• To do: After locating the line that contains "Apple Tree - Malus domestica VITOS", output that line and each one following it, exactly, to the end of the entries. No pictures.

• Data section:

————

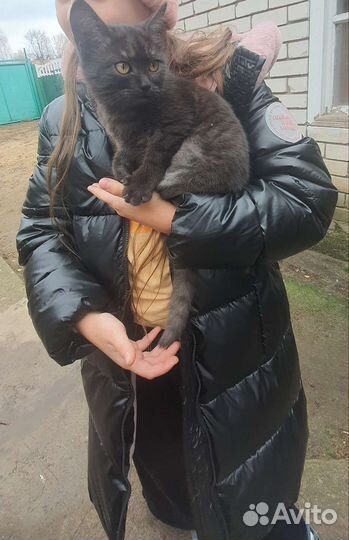Котенок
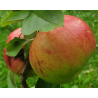 Apple Tree - Malus domestica VITOS
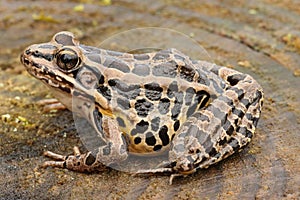 Pickerel Frog Lithobates Rana palustris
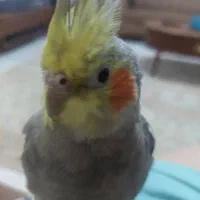 گمشده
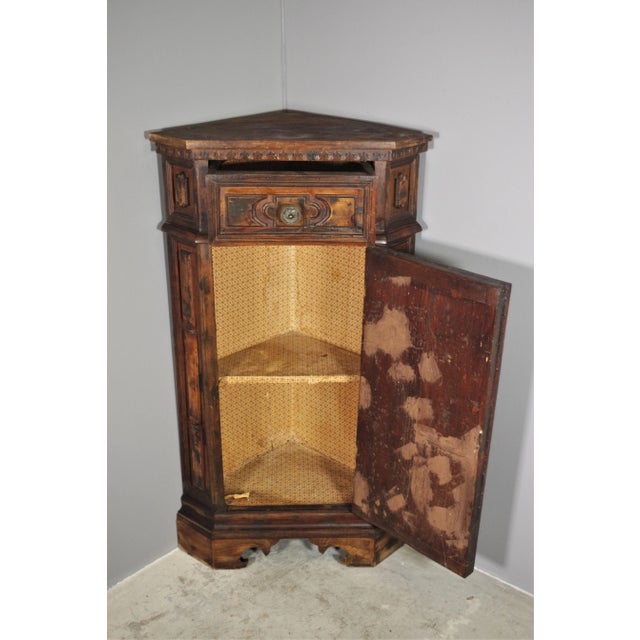 Walnut Root Corner Cabinet For Sale - Image 10 of 11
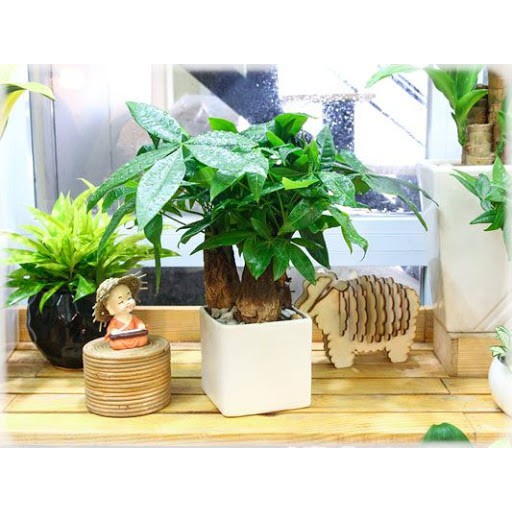 Cây kim ngân 1 thân , 3 thân để bàn hút tài lộc
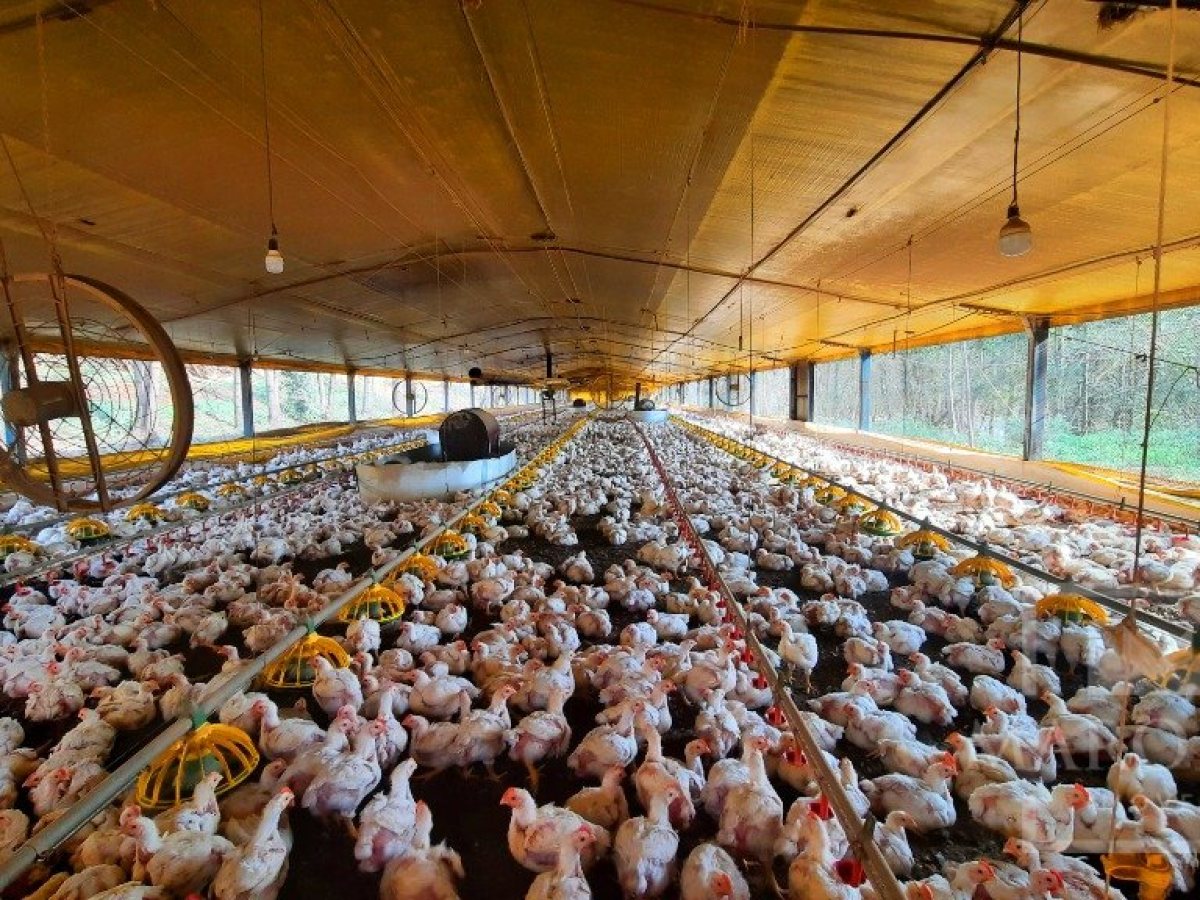 Área com 36000m², Nao suíte, no bairro Interior em Marau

————

• Answer to this task:
 Apple Tree - Malus domestica VITOS
 Pickerel Frog Lithobates Rana palustris
 گمشده
 Walnut Root Corner Cabinet For Sale - Image 10 of 11
 Cây kim ngân 1 thân , 3 thân để bàn hút tài lộc
 Área com 36000m², Nao suíte, no bairro Interior em Marau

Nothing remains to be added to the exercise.